Terminado el recuento, el resultado reveló un cambio político sustancial. Alternativa para Alemania (AfD) ha duplicado su porcentaje hasta el 20,8%, sobre todo en el este de Alemania. Los socialdemócratas (SPD) de Scholz obtuvieron un mísero 16,4%, su peor resultado desde 1949, principalmente con votos de los antiguos bastiones industriales de Alemania Occidental. Los liberales no consiguieron superar el umbral del 5%. Y los Verdes no obtuvieron más que el 11,6%. El experimento alemán del tripartito eco-liberal-socialdemócrata había muerto.

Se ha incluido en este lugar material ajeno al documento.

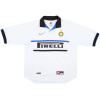 Maillot extérieur rétro de l’Inter Milan 1998/99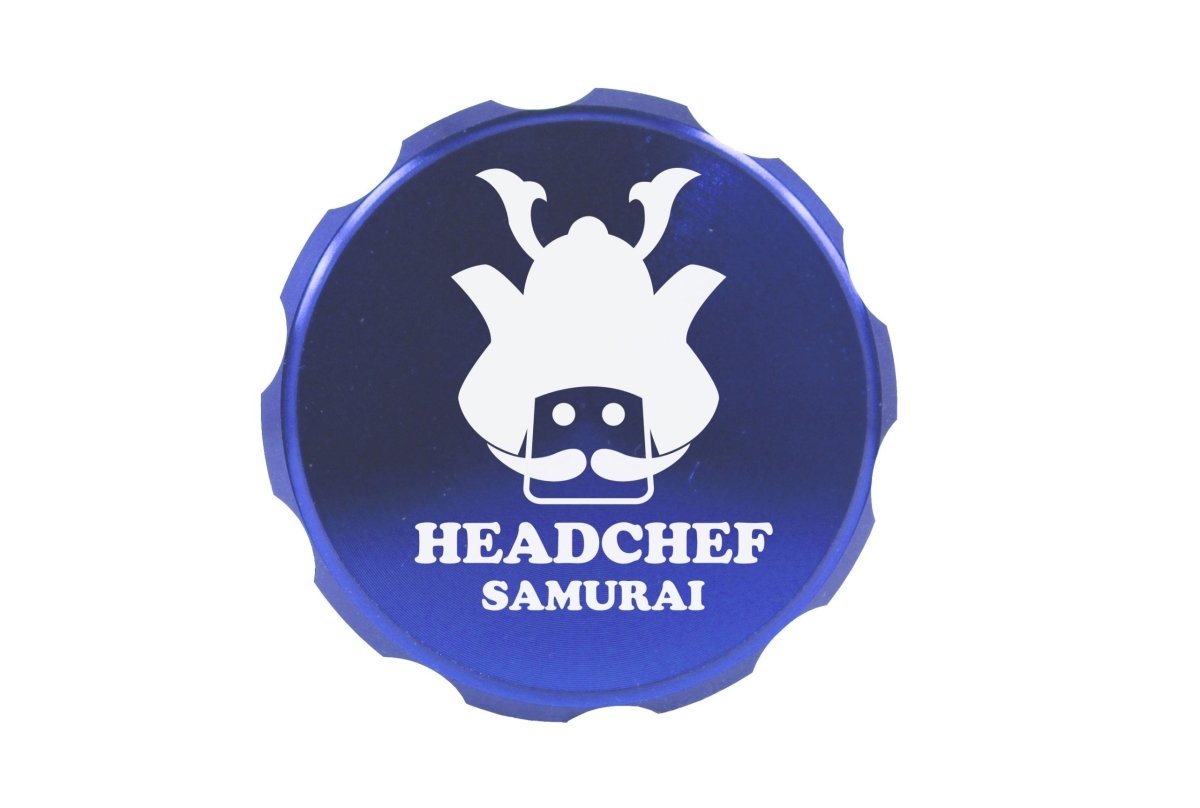 HEADCHEF SAMURAI 55MM 4PT GRINDER - SeedySide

Aunque los demócratas cristianos, encabezados por un atlantista de toda la vida, Friedrich Merz, vencieron con el 28,5%, la posición de la AfD como segunda fuerza hizo que fuera una victoria agridulce para el centroderecha. Merz había insistido en que nunca formaría una coalición con la extrema derecha y sus infames tendencias neonazis. Se mantendría fiel al llamado cortafuegos político (Brandmauer) creado con el fin de proteger la democracia implantada por la República Federal en la posguerra. Por mucho que, en Estados Unidos, los republicanos tradicionales pudieran haberse vendido al movimiento MAGA de Trump, en Alemania, la CDU de Merz nunca se aliaría con la AfD de Alice Weidel. Las lecciones del abismo del Tercer Reich y la Segunda Guerra Mundial no caerían en el olvido.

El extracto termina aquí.